Sarah Shevenock, Morning Consult
Japanese
Japan’s population is aging, and they want to attract high-skilled foreign workers to come to Japan and work. The issue, though, is that 70 percent of specialist positions open to foreigners require full fluency in the language. Indeed, of 18,000 job offers for foreign specialists on two recruitment sites, 75 percent required language skills at the highest N1 level of the Japanese Language Proficiency Test. That said, only 37 percent of 9,000 job seekers registered on the platforms have that N1 qualification. It’s a problem, because Japan is projected to face a shortfall of 790,000 IT professionals by 2030.
New Year’s Resolution
WW, the dieting company previously known as Weight Watchers, counts Oprah Winfrey as its largest shareholder (1.57 percent of the stock) and James Corden as its new pitchman, but faces a critical quarter and a deep need for people to keep their resolutions.
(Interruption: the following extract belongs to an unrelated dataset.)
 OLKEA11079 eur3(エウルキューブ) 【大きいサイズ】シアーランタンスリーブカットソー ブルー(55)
This is the time of year when usage of dieting apps spike, and WW’s hope is that it can stem the steep losses usually sustained over the course of the year. Last year was a rough one for customer retention with membership down to 4.5 million as of the end of the third quarter, down from 5 million in the first quarter of 2021. If the company repeats, and it has another year where it loses 13 percent of subscribers over the course of 2022, it’ll finish the year with even fewer.
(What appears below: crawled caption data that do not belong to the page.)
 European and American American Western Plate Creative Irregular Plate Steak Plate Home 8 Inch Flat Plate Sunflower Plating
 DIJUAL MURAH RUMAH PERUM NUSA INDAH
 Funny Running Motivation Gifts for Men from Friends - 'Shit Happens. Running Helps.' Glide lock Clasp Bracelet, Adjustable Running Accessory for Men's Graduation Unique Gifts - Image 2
Spencer Jakab, The Wall Street Journal
Autosign
In 2011, regulators found that Chase had automatically filed tens of thousands of lawsuits against its customers on a basis that was flimsy, the result of automated filing systems overseen by less than a dozen employees. The CFPB at the time estimated that there were mistakes in about 10 percent of the cases that Chase won, and Chase agreed that it would up the amount of evidence it would require when it sued customers in the future, an agreement that expired on New Year’s Day of 2020. Since then, Chase Employee of the Month Otto Filer is out of storage and back on the job, and the bank is bringing suits at the same clip it did before 2011. An analysis of civil dockets found Chase sued 800 credit card customers in Fort Lauderdale last year, up from 70 customers in 2020 and zero customers in 2019. Chase sued 400 customers in Westchester County, New York, in 2020, up from one customer a year earlier. And in Texas, Chase filed over 1,000 consumer debt suits in Houston in 2021, up from seven suits in 2020. If the error rate is anything like it was pre-2011, that could mean lots of customers are being sued for money they don’t owe.
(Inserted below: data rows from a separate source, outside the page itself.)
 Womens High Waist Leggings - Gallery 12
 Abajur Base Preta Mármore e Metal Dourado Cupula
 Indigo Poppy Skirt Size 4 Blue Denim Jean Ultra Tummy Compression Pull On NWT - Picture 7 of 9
Patrick Rucker, The Capitol Forum
Raises
Next this year, companies are allocating an estimated 3.9 percent of total payroll for wage increases, which is the largest increase on record since 2008. One big contributing factor is inflation, which has caused increases in costs like groceries and rent, but the highly competitive job market is pushing companies to raise both maximum and minimum salaries across the board. This means that those employees who were content to not indulge in the Great Resignation are now getting their shot at participating in the Great Remuneration.